China cuts children’s Uyghur roots

The Chinese government’s mass detentions of Uyghurs and other Muslim minorities is creating a generation of virtual orphans, children who won’t know their culture, experts say.

“The Chinese government takes them to the orphanages, and there the government basically brainwashes them,” Alim Seytoff of the Uyghur Service at Radio Free Asia said during an August 7 State Department panel discussion on Chinese repression of Muslim minorities in Xinjiang, China.

Since 2017, Chinese authorities have imprisoned in camps more than 1 million Uyghurs, ethnic Kazakhs, Kyrgyz and other members of ethnic Muslim minorities in Xinjiang. In the camps, prisoners are forced to renounce their ethnic identities and religious beliefs and practices. Some detainees are reportedly subjected to torture or other inhumane treatment, including sexual abuse.

Their children are sent to orphanages and forced to shout patriotic slogans, learn Mandarin Chinese and answer questions about their parents’ religious beliefs and practices. These institutions are “bringing up the next generation of Uyghurs without any kind of Uyghur tradition, Uyghur education or Islamic faith,” said Seytoff, who has done extensive reporting on Uyghur issues.

Woman and child standing outside barricaded school with Chinese signs (© Ng Han Guan/AP Images)
Schools for ethnic minorities in Xinjiang are guarded with multiple layers of cameras, barbed wire and barricades. (© Ng Han Guan/AP Images)

Even the names of children in Xinjiang are controlled by authorities.
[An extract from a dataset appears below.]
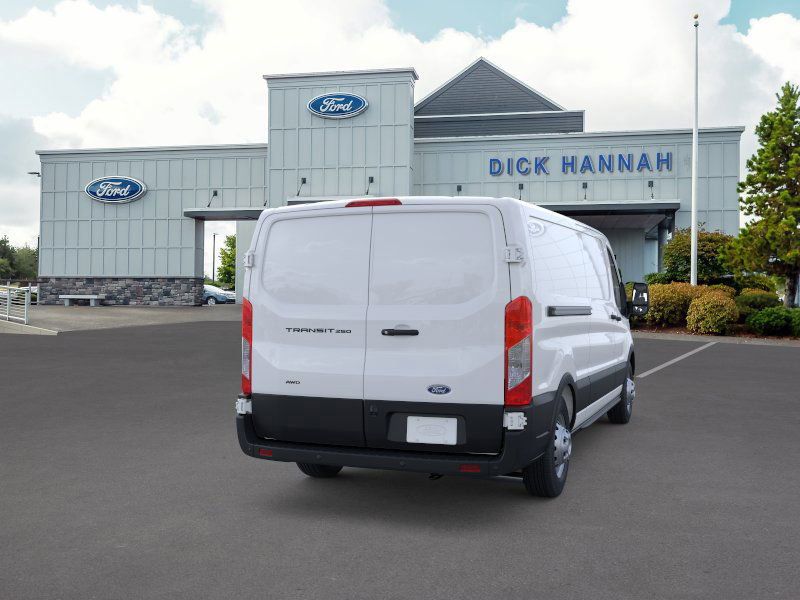 New 2026 Ford Transit 250 - photo 13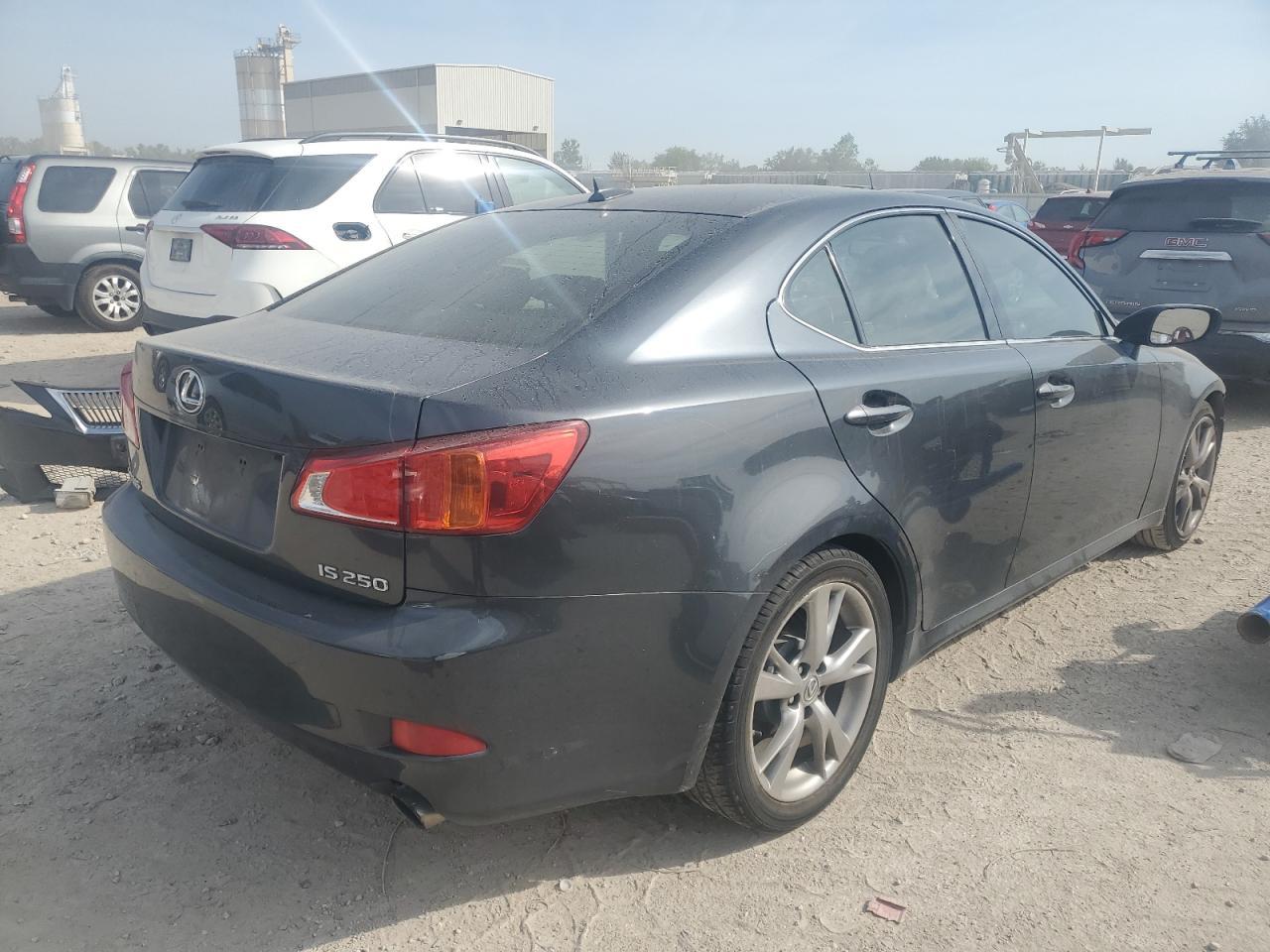2010 LEXUS IS 250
Regulations ban the use of some Islamic names when naming newborns and set punishments for the teaching of religion to children.

Independent researcher Adrian Zenz in a recent report cites an official Chinese government document discussing a campaign against ethnic minorities to “break their lineage, break their roots, break their connections, and break their origins.”

Nury Turkel of the Uyghur Human Rights Project, who also spoke at the State Department panel session, said that if China’s policies in Xinjiang succeed, “Uyghur ethno-national identity will be destroyed.”